I do not think there would have been any specific institution in which he taught. In medieval Baghdad, society was not institution-based like ours is. If you wanted to learn, you studied with a teacher who, at the completion of the course, would give you a certificate. The student thus entered the chain of transmission of the particular subject or work. No institution was involved. Even when the madrasa (college) became an integral part of Islamic cities, the institution itself played a minor role apart from providing facilities---the certificates were still issued by individual scholars, who were not officially employed at any one madrasa.
The famous Islamic educational institution, the madrasa (college), was only just beginning to develop in the 10th century. The curriculum of the madrasa was concerned with religion and law, and not mathematics (or other secular sciences). But math did creep in occasionally because of topics like inheritance problems (a branch of law), which require calculation, and religious topics (finding the direction to Mecca, times of prayer, etc. which require spherical trigonometry.
The House of Wisdom was set up as a palace library, perhaps under al-Mansur (decades before al-Ma'mun), for the preservation of Persion national culture. Probably the function of the library shifted somewhat in the early 9th century, but there is so little information that we cannot even guess what such a new direction was. The bottom line is that modern scholars (and late medieval Islamic scholars as well!) have made too much out of the library. It was not the grand repository of Greek learning, of translation, or many of the other functions attributed to it. It may be that Abu'l-Wafa's works were stored there, but even if they were it would have been no big deal. There were many other libraries, private and public, and the House of Wisdom should not be taken as a medieval version of the Library of Congress. Also, I don't believe there is any primary source which says Abu'l-Wafa was associated with the library. But I bet there are a lot of secondary (or should I say tertiary?) works which make such an assertion! Where did you read it?

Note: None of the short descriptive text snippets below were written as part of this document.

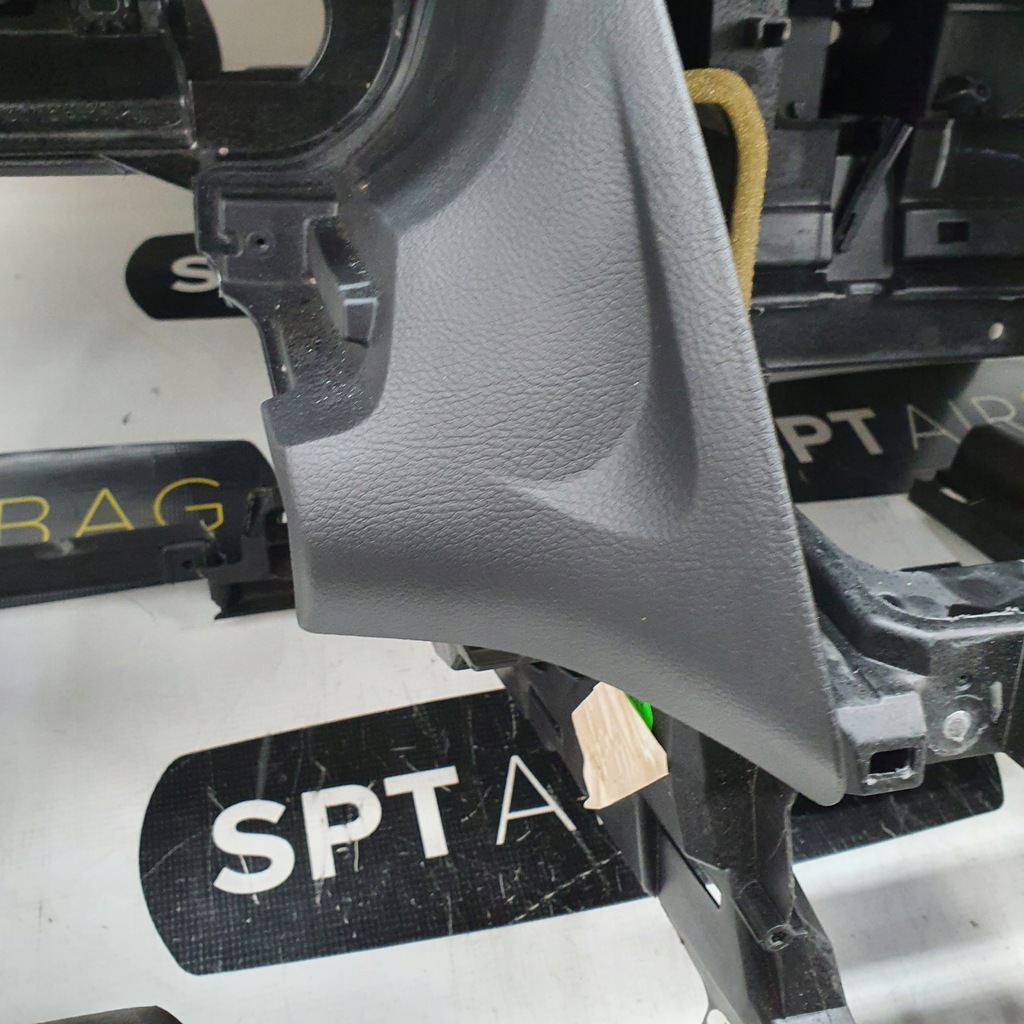 фото №6, Focus 3 iii приборная панель консоль подушки безопасности ремни подушка безопасности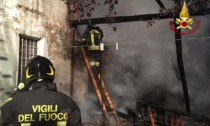 Incendio in cascina a Tortona: a fuoco il porticato e la stalla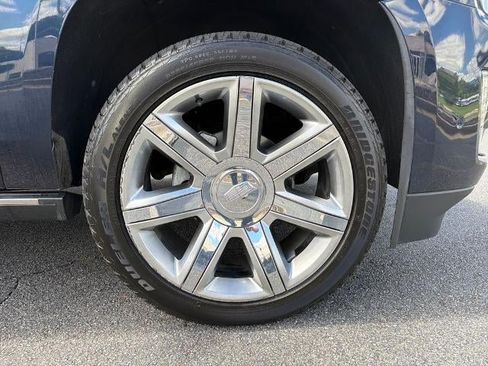 Used 2019 Cadillac Escalade Premium Luxury RWD image 12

It is too bad the House of Wisdom isn't the grand university it has been made out to be, since its name has such a nice ring to it. Besides, what other institution can be named? Here you can see how the myth got started---historians want to attach great intellectual activity with institutions, but medieval Islam did not rely on institutions the way we in the west do.
But we are saved in the case of Abu'l-Wafa: He made observations at the Baghdad observatory. I can dig up some details on the observatory if you want. I am at home now, and my books are in my office.
Message reproduced with the permission of Jeff Oaks.
Other material: Copyright 2002, Greg N. Frederickson.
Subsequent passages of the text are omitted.